And the Count has an illegitimate daughter of his own, called Florestine...

Ouch! Almaviva had already told this.


----------



## Almaviva (Aug 13, 2010)

Herkku said:


> And the Count has an illegitimate daughter of his own, called Florestine...
> 
> Ouch! Almaviva had already told this.


Of course I did. She is my daughter, right?


----------



## Herkku (Apr 18, 2010)

Absolutely! How incredibly obtuse of me!


----------



## SixFootScowl (Oct 17, 2011)

Rossini wrote both happy and tragic endings for Tancredi. Most performances use the tragic ending. Here is one CD set I found that has both endings included:


----------



## SixFootScowl (Oct 17, 2011)

Herkku said:


> Bellini's I Capuleti e I Montecchi used to be performed with a happy ending by Nicola Vanuzzi for many years in Italy. It seems unthinkable today! And completely ludicrous.

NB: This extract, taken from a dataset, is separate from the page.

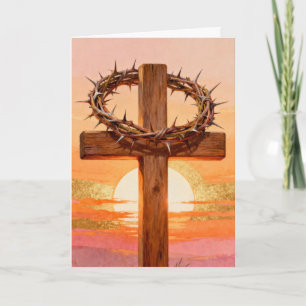 Tarjeta Festiva Cruz de Pascua y Sol Naciente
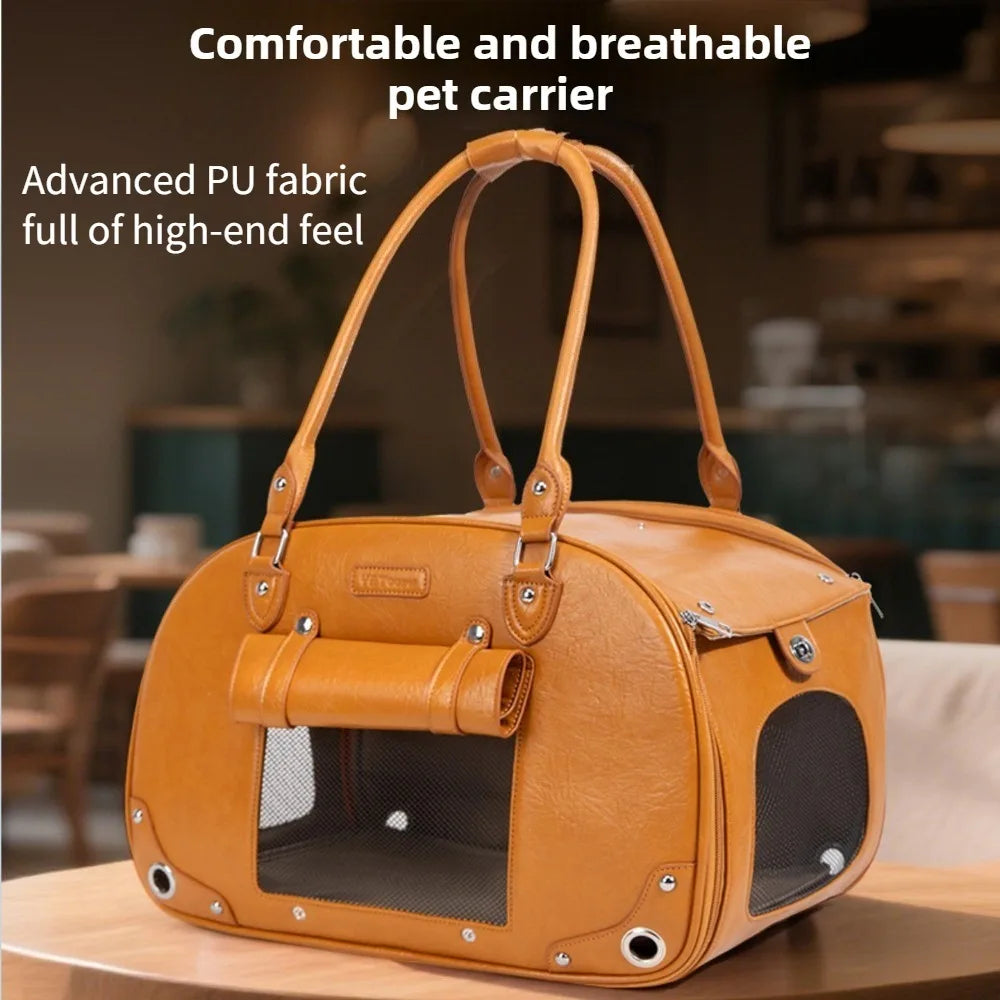 Brown pet carrier with text highlighting comfort, breathability, and advanced PU fabric.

I would like to see that. Wonder how it went. Hey, why was Romeo carrying around deadly poison on his person anyway. Was he fearful of enemy capture and torture?


----------



## Pugg (Aug 8, 2014)

Just like Otello by Rossini, available on Opera Rara with alternative happy ending on the last disc.


----------



## SixFootScowl (Oct 17, 2011)

Pugg said:


> Just like Otello by Rossini, available on Opera Rara with alternative happy ending on the last disc.


Hmmm, maybe I would like this opera with the happy ending. May have to look into that. Is this the one you are talking about?


----------



## Pugg (Aug 8, 2014)

Florestan said:


> Hmmm, maybe I would like this opera with the happy ending. May have to look into that. Is this the one you are talking about?


That's the one yeah, as far as I know the only one with two endings.
The Caballe / Carreras ends tragic.


----------



## Troy (Apr 23, 2015)

I'm of bloodthirsty mind myself, I've always wanted a much more violent ending to Turandot, I've always thought that Turandot's surrendering to love was a bit of a wash, and I've always secretly hoped that when Calaf reveals his name to her that she'd turn around and say "hah! I have you now! It's off to the executioner with you."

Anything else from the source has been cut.